BEGIN EXERCISE DATA

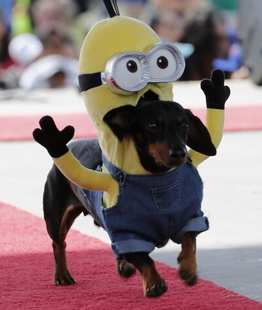 Detail Celebrity Dachshund Minion Nomer 29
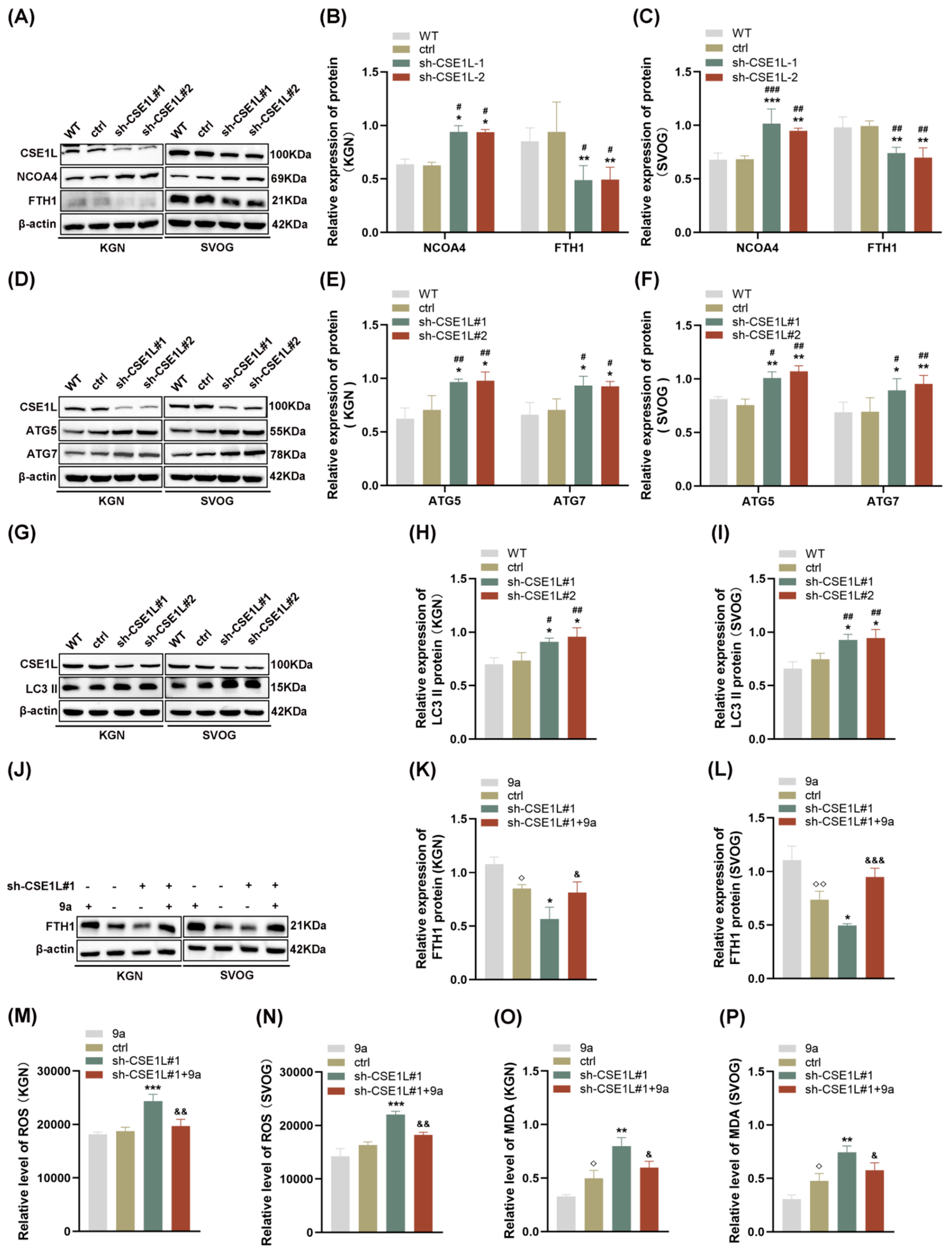 Antioxidants 13 00911 g006
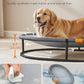 Feandrea Pet Bed, Cat Hammock, Elevated Cat Bed for Multiple Cats, with Removable Washable Mesh, for Pets up to 120 lb, Oval, Gray UPCB005G01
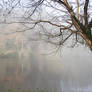 Fog on the Dordogne river 10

END EXERCISE DATA

**PROBLEM TO SOLVE**
Your reply should hold only the lines running from the one with "Antioxidants 13 00911 g006" to the end of the data above, set down exactly, pictures omitted.

**EXERCISE RESULT**
 Antioxidants 13 00911 g006
 Feandrea Pet Bed, Cat Hammock, Elevated Cat Bed for Multiple Cats, with Removable Washable Mesh, for Pets up to 120 lb, Oval, Gray UPCB005G01
 Fog on the Dordogne river 10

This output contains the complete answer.